• **YOUR OBJECTIVE**
With the pictures omitted, transcribe each line below exactly as it is.

• **GIVEN INFORMATION**

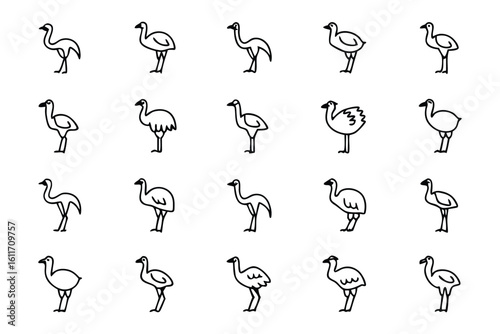 Struthio Camelus Icon Set: A collection of meticulously crafted illustrations of the Struthio Camelus. perfect for use in design projects or educational materials.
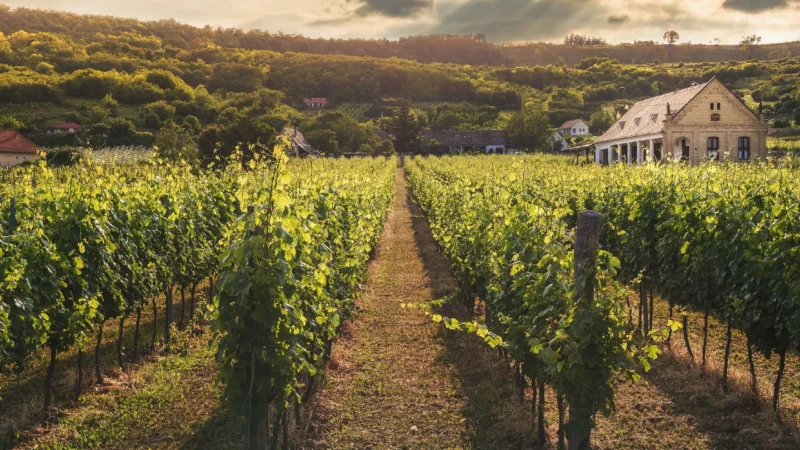 В Ростовской области активно развивается виноградорство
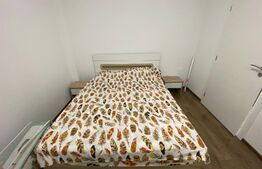 Apartament 1 camera, 40 mp, zona Centrala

• **ANSWER BOX**
 Struthio Camelus Icon Set: A collection of meticulously crafted illustrations of the Struthio Camelus. perfect for use in design projects or educational materials.
 В Ростовской области активно развивается виноградорство
 Apartament 1 camera, 40 mp, zona Centrala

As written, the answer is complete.